*Your assignment*. Leave the pictures out, and transcribe the material below exactly from the line with "Welcome to Oracle" to the line with "Here's an example", both lines included.

*Input records*.
--- START ---

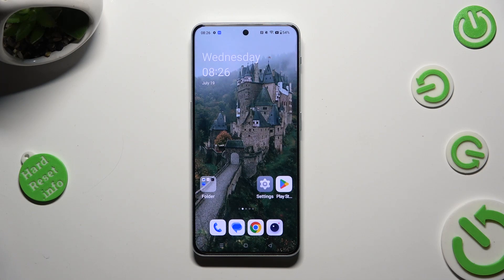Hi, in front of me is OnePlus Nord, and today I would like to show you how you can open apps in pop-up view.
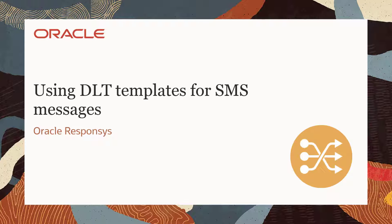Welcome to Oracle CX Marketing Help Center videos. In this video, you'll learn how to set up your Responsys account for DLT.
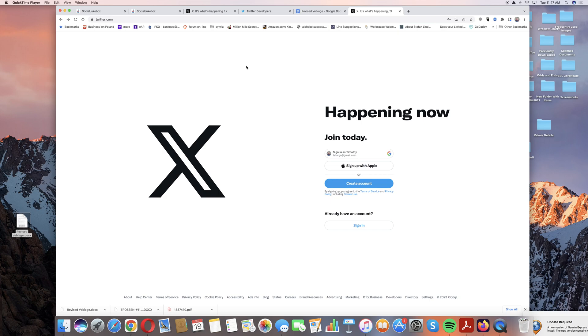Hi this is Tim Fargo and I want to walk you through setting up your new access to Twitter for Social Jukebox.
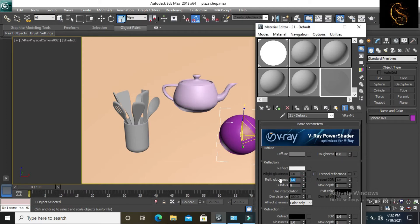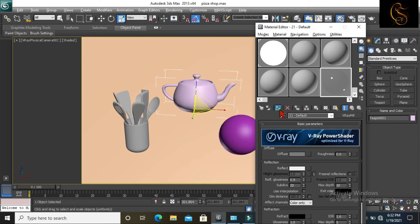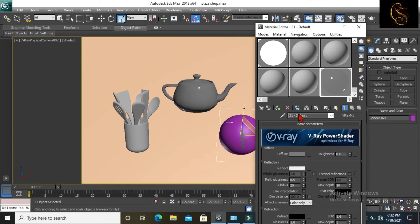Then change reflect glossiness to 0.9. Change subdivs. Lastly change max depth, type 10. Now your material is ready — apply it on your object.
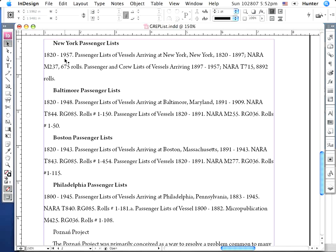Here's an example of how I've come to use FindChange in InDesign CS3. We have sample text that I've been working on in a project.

--- END ---
--- START ---

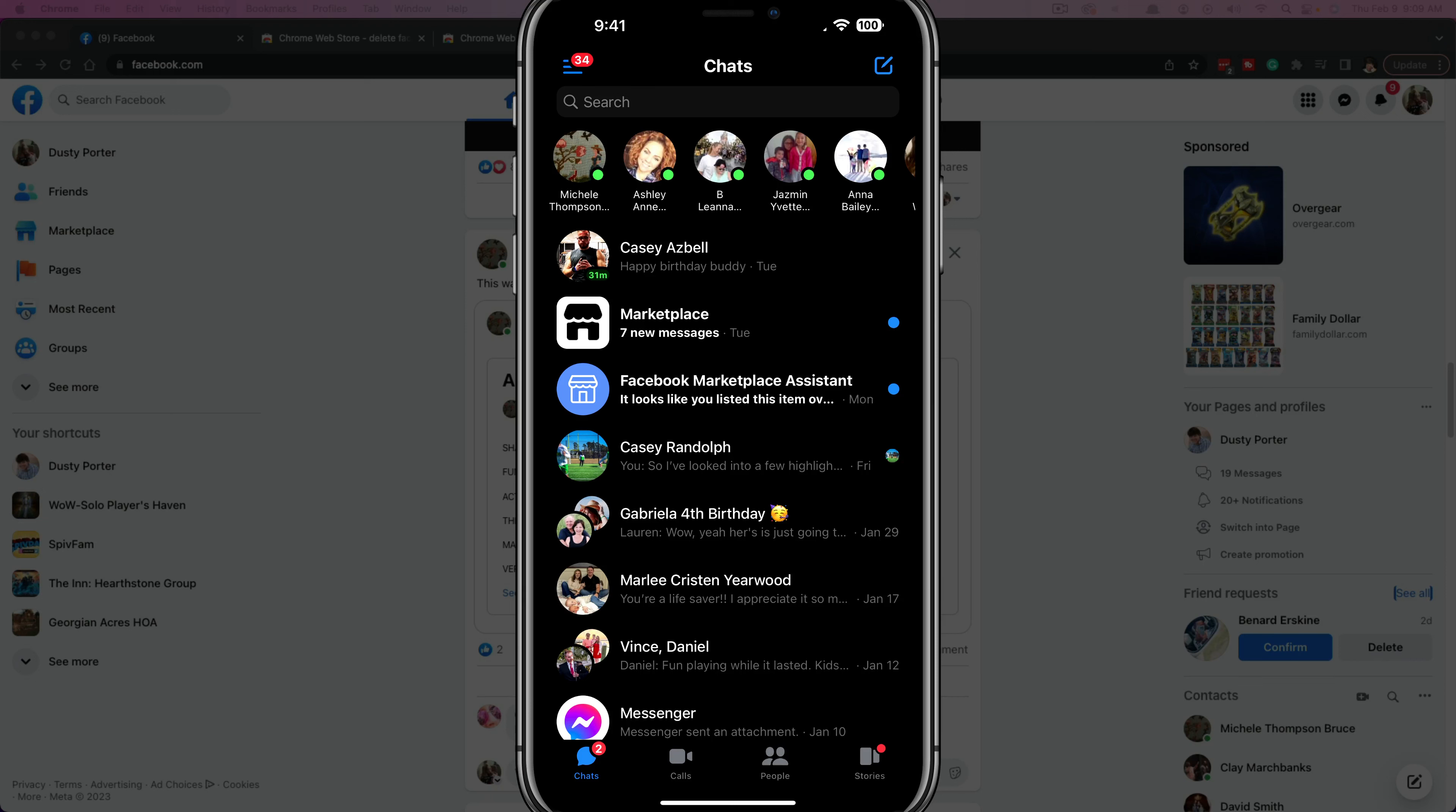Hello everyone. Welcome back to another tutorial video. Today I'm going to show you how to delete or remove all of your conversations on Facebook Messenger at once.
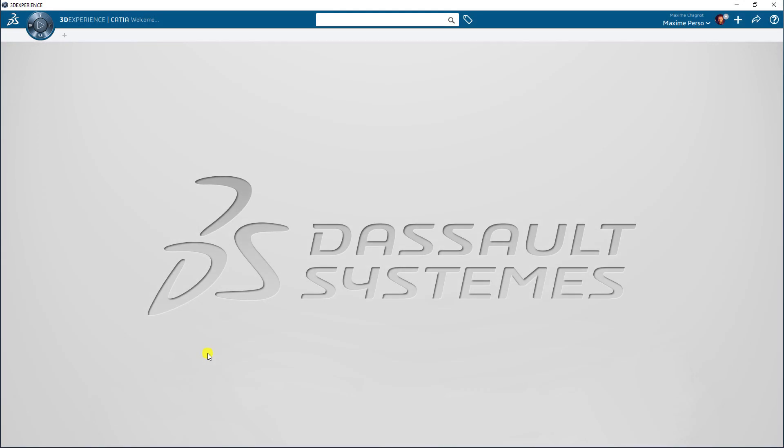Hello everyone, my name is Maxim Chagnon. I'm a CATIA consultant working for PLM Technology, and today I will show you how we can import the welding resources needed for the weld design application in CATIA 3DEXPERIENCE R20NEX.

--- END ---

*Solution*.
Welcome to Oracle CX Marketing Help Center videos. In this video, you'll learn how to set up your Responsys account for DLT.
Hi this is Tim Fargo and I want to walk you through setting up your new access to Twitter for Social Jukebox.
Then change reflect glossiness to 0.9. Change subdivs. Lastly change max depth, type 10. Now your material is ready — apply it on your object.
Here's an example of how I've come to use FindChange in InDesign CS3. We have sample text that I've been working on in a project.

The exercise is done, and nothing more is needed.